Sunday, August 26, 2007

Deification trivializes the message.

When we turn teachers or leaders into Gods, we trivialize their messages and their work. As example, consider Siddhartha Gautama, who was later called the Buddha, or Enlightened One. He was an ordinary man, a minor son of a regional kinglet, much like a mayor in a modern city, who left the life his parents arranged for him and pursued enlightenment. He found it, after years of thought and meditation, and then taught the method of attaining enlightenment to all those who would listen.

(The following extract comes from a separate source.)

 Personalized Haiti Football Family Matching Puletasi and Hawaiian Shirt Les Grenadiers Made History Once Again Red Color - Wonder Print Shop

Later followers elevated him to some sort of Godhood. By glorifying and deifying their teacher, they raised their own status and authority. They made legends of miracles attending his birth and death. He became The Buddha, as if he were the only person who had attained enlightenment. What a farce. The followers, seeking their own self-aggrandizement, missed the entire point, which is (of course) that absolutely anyone can attain enlightenment. Buddha-hood is for every person that is willing to achieve it, not for divinities or deities. There are undoubtedly many Buddhas in this world now, but real Buddhas do not seek power, position, recognition or authority. Why should they? Becoming enlightened is hard work and it is not achieved overnight. It can't be granted to others or handed out as a reward. Everyone has to search diligently for their own enlightenment, and there is no shortcut.

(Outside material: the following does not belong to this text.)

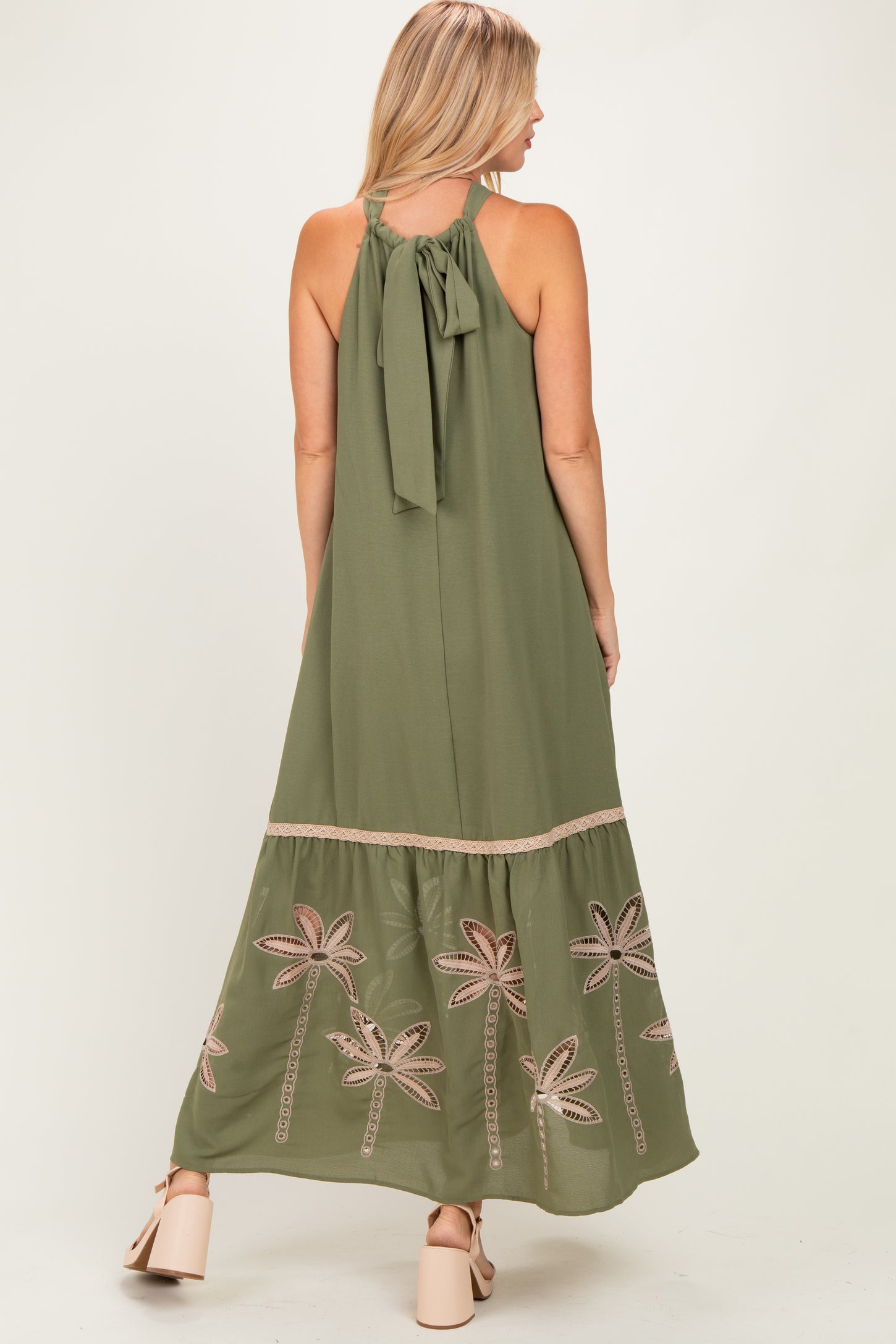 Olive Embroidered Halter Maxi Dress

But the point is that enlightenment is for everyone, not special people or godlets. Christianity shows the same pattern as Buddhism. The followers elevate their leader to the status of a god, and then worship, as if that were what the religion is about. They miss the point. Christ (another title, not a name) taught behaviors and attitudes that lead to enlightenment. The heart of Christianity is compassion, as it is in Buddhism. That heart does not lie in rituals or titles or churches. Ridding oneself of the selfishness that allows us to see others as different is hard work. Literally treating the other as if the other were our self is a hard task. Everything else is worthless posturing.